But I didn’t want to go ahead and then rebuild that company again and be in the weeds with property management. I wanted to be able to zoom out, look at the markets that I thought that I wanted to be in long-term, and diversify not only market but sponsor risk. 

So it’s been great. Been able to take the lessons of an operator and the network, and leverage both of those things with investor base and get to put a lot of capital to work in a really diversified way where I don’t have to worry about one asset causing any damage long-term to my or our investors’ portfolios that are investing with multiple deals. 

As far as selecting an operator, it’s an art. It’s a lot easier having been an operator myself, because you can’t really pull the wool over my eyes. I can ask the questions on how detailed is your operating platform? How detailed are your systems? How dialed are you from a team standpoint? 

There are a lot of two-guys-in-a-deck–type of operators in this space that just fell in love with the thesis, and I don’t blame them. That’s how I got started. That was our first deck. But the reality is that it’s not the same environment that it was 12 years ago. You do not get to just ride the wave of cap rate compression. You don’t get to just hope that interest rate decline, you’re going to bail you out, or that you are buying into this secret asset class that people haven’t caught wind of yet. 
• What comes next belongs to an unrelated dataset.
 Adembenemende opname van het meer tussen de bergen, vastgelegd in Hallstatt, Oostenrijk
Today, it is a pros market, as you know. If you don’t have the operational chops, if you can’t go in the weeds on your system, your platform, how you run deals, like what is your edge, what’s your operational alpha, if you can’t explain that clearly to me, then I know, okay, you’re not quite ready yet. But we want to track you. We want to see how you do, we want to help you grow, we want to help you build your business, but maybe we’ll catch you next year when you’re there.

I just know that if you’re trying to buy something from 2000 miles away and you’re like, I’m going to be there all the time and we’re going to infill 50 homes. No, we don’t have a home sales team. We’re going to use just the cash program from 21st Mortgage. They’re going to do them all and they’re going to move in 12 a month. We’re just going to hire somebody on site. We’re going to pay them $15 an hour. They’re going to handle home sales. They’re going to handle property management collection. Maybe maintenance, too. Okay. Well, we know that’s not going to happen. So that’s helpful. 
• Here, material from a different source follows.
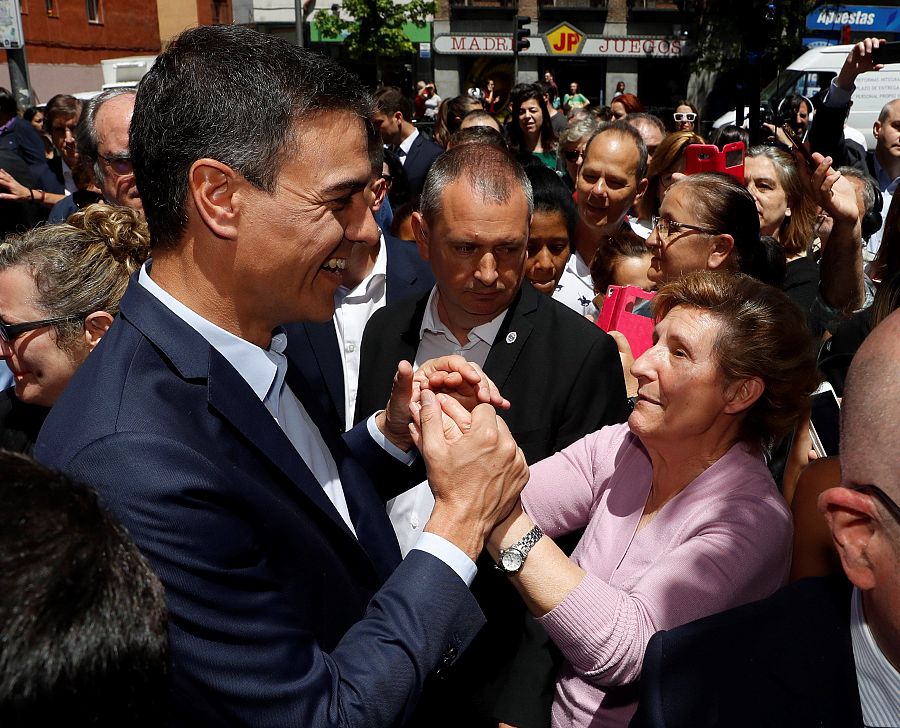 Pedro Sánchez da un paseo por Puente de Vallecas con Gabilondo y Pepu Hernández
I invested with 15 different sponsors at this point, not only as a limited partner but also as a general partner, co-GP with them, and have stood up two platforms where groups have been able to go from, hey, maybe they have 10 parks and they want to bring in a large private equity company where we’ll help them get to 3x that portfolio within a couple of years. 
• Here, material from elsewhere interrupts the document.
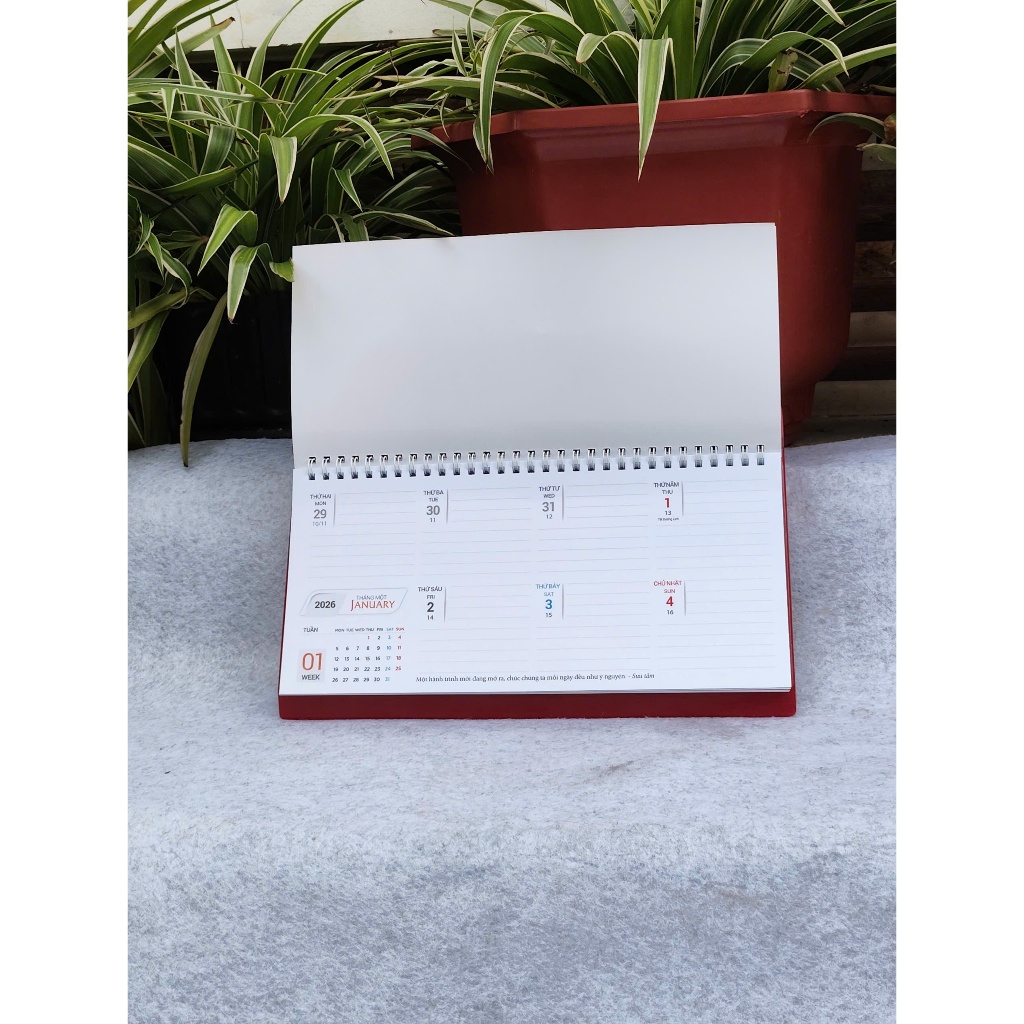 Lịch Để Bàn 2026 KÍCH THƯỚC 28*13CM 53 Tuần - Đế Nhựa Có Lò Xo VĂN LANG (LAD Triduc)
I’ve seen a lot, and I’ve got a sense of the different flavors of how people build their businesses and how they staff them. Then you got to match that. 

Andrew: Can we talk about that real quick? 

Brad: Yeah. Let’s go in the weeds. 

Andrew: I think that’s really interesting, the different types of operators and the different flavors like you’re talking about. I think there are a lot of investors, they get started, and they’re like, we’re going after heavy value-add, 50% vacant parks. 

Then after a few years they change that criteria of the different types of parks they’re going after. Then they graduate to better markets, institutional quality assets. Maybe you can just touch base on that. What’s the sweet spot?

Brad: A lot of groups do graduate to that. They realize that we can only run so many value-add parks, even though the value-add parks generate the highest returns, generally speaking, especially if there’s infill or some hair on it. 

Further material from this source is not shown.